Els also touched on the impact of the youngsters on the Tour and 20-year-old phenom Jordan Spieth in particular.

“[I’m] quite blown away by what he’s done,” said Els. “You know, comfortably Top-10 in the world. Just an amazing start to the career. … He’s cocky enough that he knows he’s good, but he doesn’t think that he knows everything. He’s ready to learn still. But I like his competitiveness.”

Els and Spieth share something of a bond as they both have close family who are on the autism spectrum. Spieth’s sister and Els‘ son are both living with the disability. In 2009 after his son Ben was diagnosed, Els established the Els for Autism Foundation designed to aid those on the autism spectrum.
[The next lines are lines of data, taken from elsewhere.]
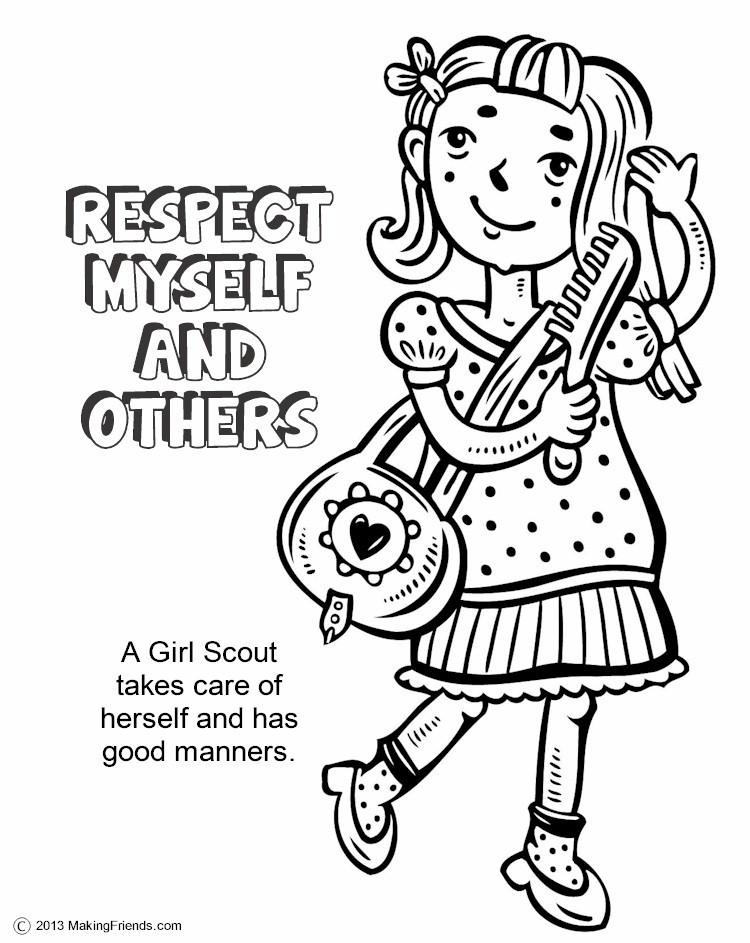 Girl Scout Coloring Pages
 The Law Respect Myself and Others Coloring Page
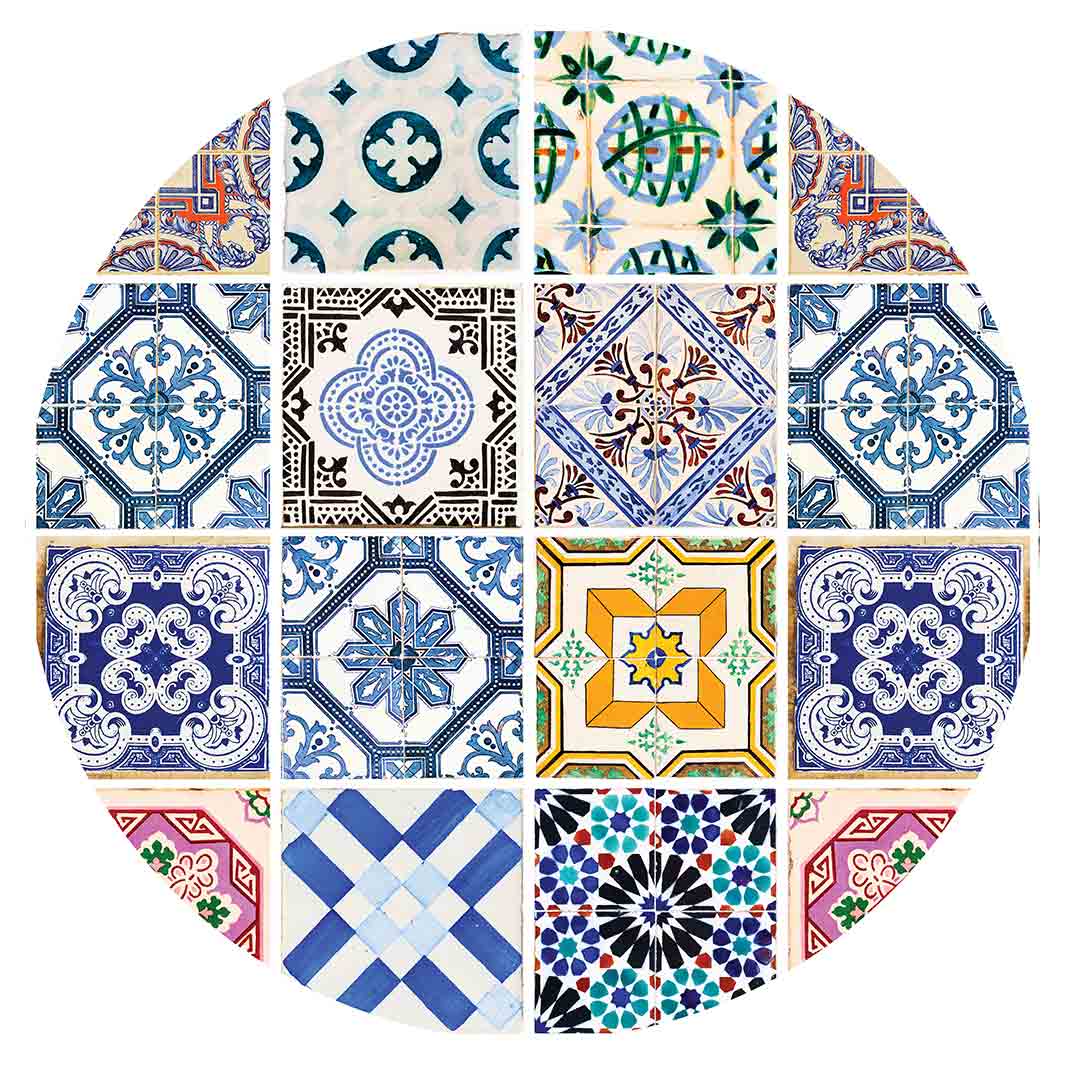 PATTERN BLUE COLOURFUL TILE ROUND PLACEMAT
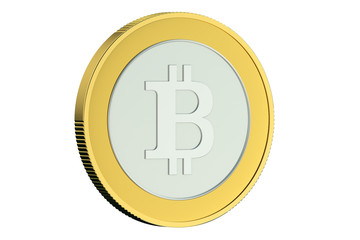 Golden Bitcoin closeup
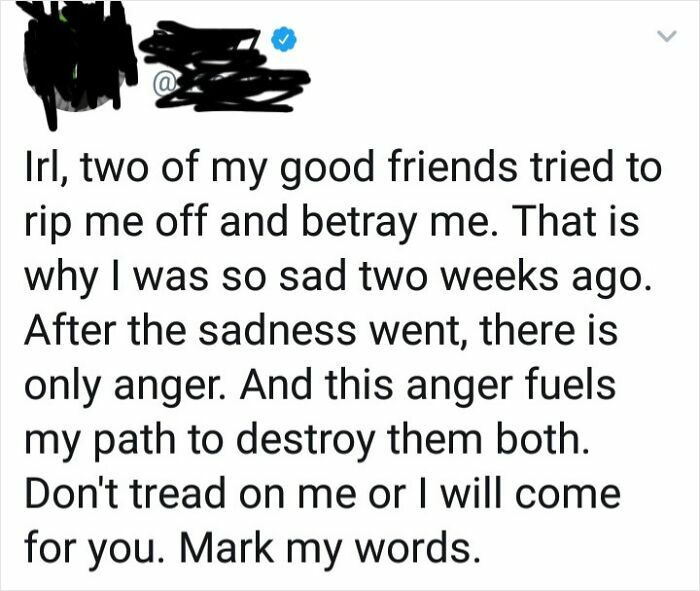 Screenshot of a social media post expressing anger and betrayal, evoking feelings connected to cringeworthy moments.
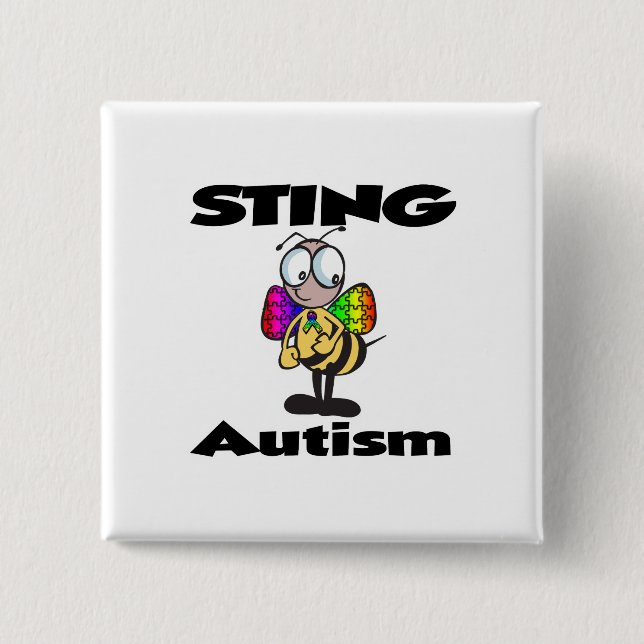 Chapa Cuadrada Autismo de STING (Anverso)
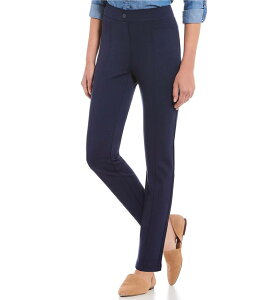 yz Cg fB[X JWApc {gX Petite Size Bella Solid Double Knit Slim Her Straight Leg Pants Navy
“Yes, we have spoken,” said Els when asked if he and Spieth had ever discussed the topic. “I’ve played with him quite a few times and we’ve spoken about his family and how they have coped with their situation and how they have moved forward. We’ve shared some really funny kind of stories, because autistic kids are so special, and the way they handle life is quite special.”

While Els admitted that he and his peers are something of an old guard in the world of professional golf, he stressed that it was still his passion and he still has a thing or two to show us.

“They are definitely not shy,” Els said with a laugh referring to the younger golfers on the Tour. “As I said they are cocky enough to know they are good. But we like to teach them some stuff every now and again that they haven’t seen. We needle each other and it’s great fun. That’s the way I grew up. That cycle will continue, and that’s one of the great things in golf.”